A large number of humans seem to have an innate fear of progressive inventions. Sometimes they may be right but if this concern is real why are they not also concerned about all forms of signal transmission?
Perhaps they are.
Would anyone join me in a campaign for banning TV?
Grant, granted and seconded, x 10!
I never had access to television when I was young simply because my Dad, being a pithy Lancastrian, as well as being a practical engineer that the aircraft industry sought, summed television up very precisely in these prophetic words:- "Ee lad, we'll have noo television in this household, mark my words, its rare set to become the 'Idiots Lantern' of society."
This was around 1951, he also said, as a further admonition, "If tha' das'nt believe me, read George Orwell, or H.G.Wells, or Olaf Stapledon, or R.G. Mayor's, On Reason and Commonsense." I did, of course, however, it took me another 10 years of maturing before I could get the real message of Mayor, and Stapledon. The effects of his words, entirely supported by my Mum, gave me an immense start in life, they both had an uncheckable belief in the concept that their principal responsibility as parents, was to ensure that all us kids' were given the opportunity to, "Follow our own Star", without undue extra-family influences.
Back to 'Television' Grant, as a direct consequence of this very heuristic upbringing, we were voracious readers, and television did not come into my own home until the early 70's, by which time my kids' were about through their early formative years, and their school peer pressure was becoming a problem. Supported by my wife, my children were excellent readers by this time, and most importantly, they had a real grasp of numbers, they were, as they say (sorry, used to say) entirely numerate.
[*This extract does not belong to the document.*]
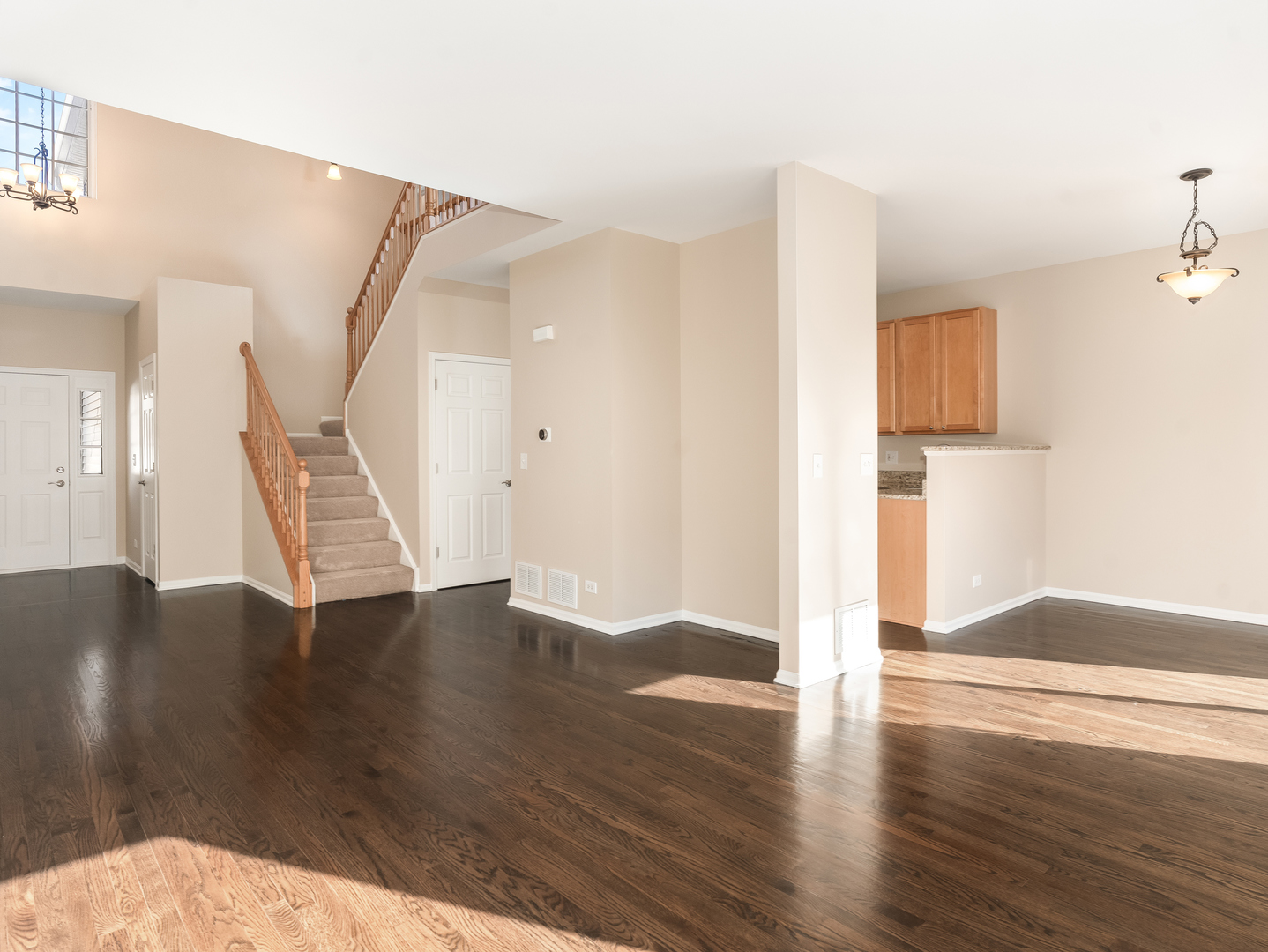 2295 STOUGHTON Drive, Aurora, IL 60502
It stood myself, my wife, and my children, 'in great staid'.
So, as it is late, and I am starting to ramble, Yes, television, as entertainment, should be banned for the first 7 years of every individuals life!
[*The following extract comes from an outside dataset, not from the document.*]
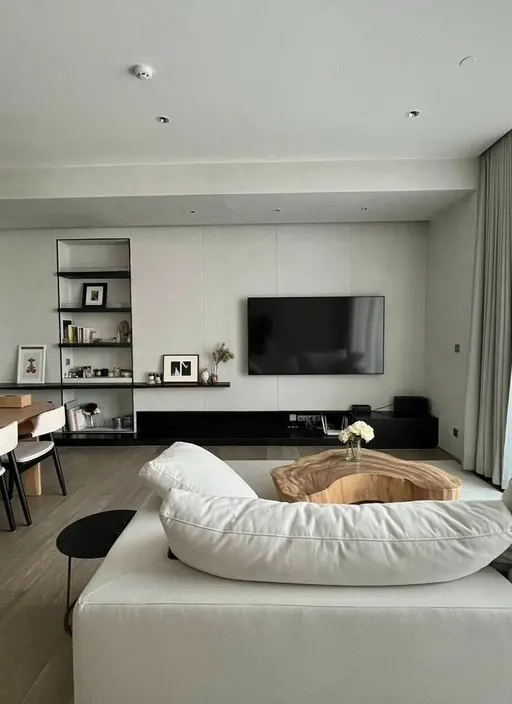 Photo 1 of listing DA-2439563: 2-bedroom condo (113 sq.m.) at Q1 Sukhumvit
Many thanks, Grant, for giving me the opportunity to air this so important matter.
P.S. My Father left school at the age of 11 and my Mother at the age of 12. They had no formal education other than the fact that, due to their parents, they both had their 'numbers' and their 'letters' by the age of 3 0r 4. This really reinforces what John Brignell tells us!
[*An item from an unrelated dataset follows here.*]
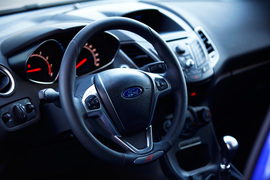 2013款福特嘉年华ST场地试驾实拍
Now you mention it my childhood was fairly light on TV time.
My Father was in the RAF at a time when much of it was based abroad. We spent a year in Egypt followed by two in Cyprus starting around the age I can remeber things. No TV there.
The 2 or so years in London with TV but limited transmission time and andyway only childrens programs and a 'late night' on a Friday were available for me. Unless I was ill when I was allowed to sit on the sofa and watch horse racing during the day since that was all that was on. I watched if I did not feel like reading or doing something else.
From age 8 ish to 11 we lived in Germany, Radio but no TV, except when I spent a little time in Hospital.
My senior education, for reasons of consistency, was spent at boarding school so TV only in the holidays or for very limited periods in the evening once one became a 6th former. Mostly avoided though some occasional special programs were keenly watched.
Adult hood brought more regular exposure though pubs were preferable for a while. Now I rarely watch. Sometimes I will be sucked in to watch a program and find other interesting things to follow it - interesting can mean that I watch to try to discover why anyone would make the program at all!
But mostly I ignore the thing. After all, if I am not watching it, it can't be watching me. Not via that source anyway!